Bisconti faceva il doppio gioco. Accresceva il suo potere e nel frattempo spifferava notizie sull’associazione di cui faceva parte. In quali vicende ci sia il suo zampino resta un mistero confinato ai verbali che il neo collaboratore sta riempiendo. Perché quanto appena sussurrato il giorno dell’arresto lo ha poi confermato nella località segreta dove sono andati a interrogarlo.
Bisconti, boss di Belmonte Mezzagno, architetto di professione, sta parlando dei rapporti dei mafiosi con “politici, amministratori e funzionari pubblici”. Ad interrogarlo in carcere sono anche andati il procuratore di Palermo Francesco Lo Voi e l’aggiunto Salvatore De Luca assieme ai sostituti che si dividono le competenze delle inchieste sulla mafia di Palermo e provincia.
Bisconti, almeno così pare, non è uno dei tanti pentiti che hanno scelto di voltare le spalle a Cosa Nostra. Frequenta i salotti buoni della città, si muove con le sue aziende nel settore degli appalti, era in contatto con i potenti padrini della vecchia mafia: dal mandamento palermitano di Santa Maria di Gesù fino a Belmonte Mezzagno dove era divenuto il reggente assieme all’anziano Salvatore Sciarabba.

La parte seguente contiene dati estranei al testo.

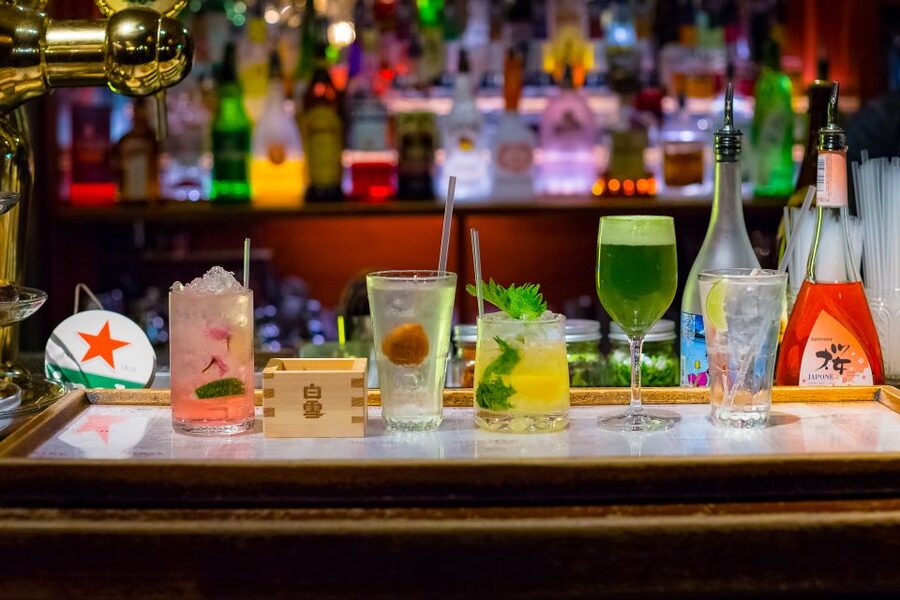 Tokyo: Luxury Sake, Cocktail, and Whiskey Pairing Tour - Who should book this evening?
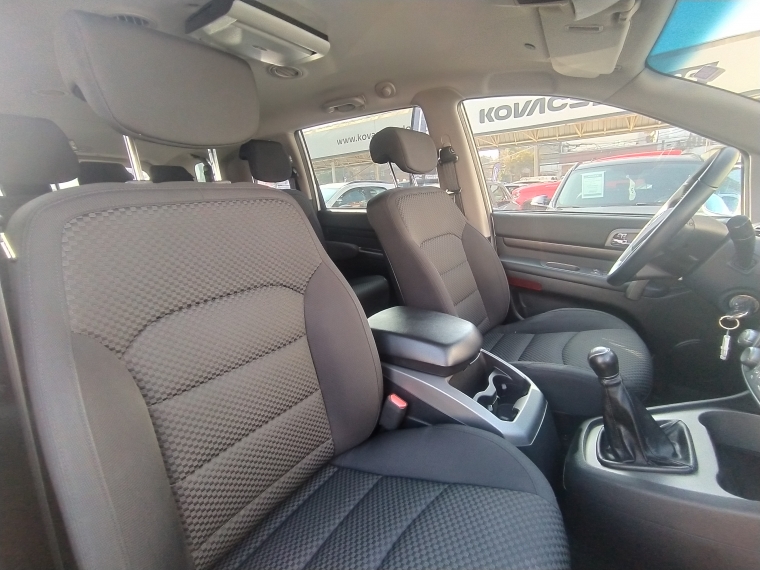 Ssangyong Stavic 2.0 Rd 301 Std Mt Diesel 2019 Usado  Usado en Kovacs Usados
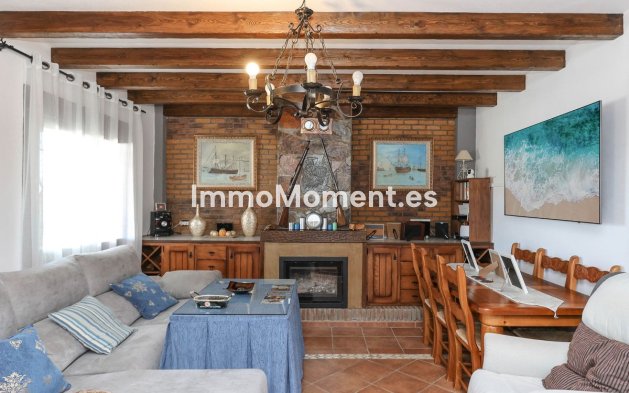 Reventa - Villa - Interior  - Monda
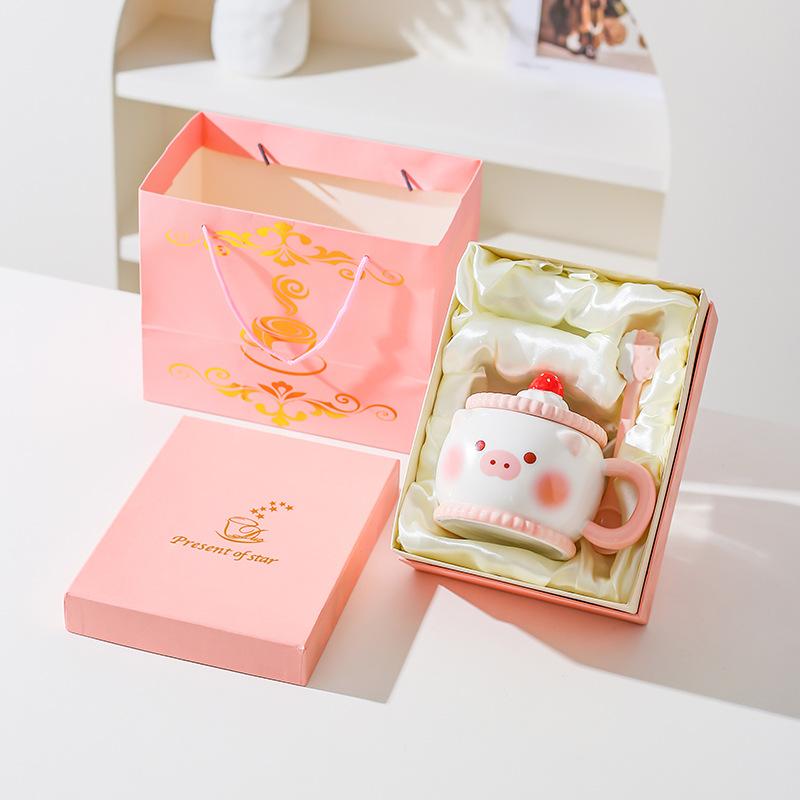 Креативная милая мультяшная керамическая кружка розовая с сердечком для девочки подарочная чашка для воды с крышкой ложкой чашка с котиком и свиньей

Nella nuova commissione provinciale di Cosa Nostra era stato chiamato a rappresentare le famiglie mafiose della provincia. Ad un certo punto, però, si defilò. Si era reso conto che i boss palermitani avevano in mente un’organizzazione palermocentrica che si lasciasse alle spalle la stagione corleonese. Infine la scelta di pentirsi perché la mafia “fa cose balorde”, così ha detto a verbale, e per affrancare la sua famiglia di sangue che non lo ha seguito nella scelta di trasferirsi in una località protetta.
“Ha sbagliato e pagherà il suo conto con la giustizia – dissero moglie e figlia di Bisconti -. Ha fatto delle scelte di vita che non condividevamo prima e non condividiamo ora. Non abbiamo alcun motivo di mandare messaggi di dissociazione a chicchessia, vogliamo soltanto continuare a vivere la nostra vita”.
Bisconti dai primi giorni dello scorso mese di gennaio ha iniziato a parlare con i magistrati. Solo alcuni dei suoi tanti verbali sono stati depositati nei processi. Il resto è coperto da un rigido omissis. Compresi i suoi legami con i servizi segreti che il boss usava per fare il doppio gioco, lui che è stato vicino ai mafiosi in contatto con Bernardo Provenzano.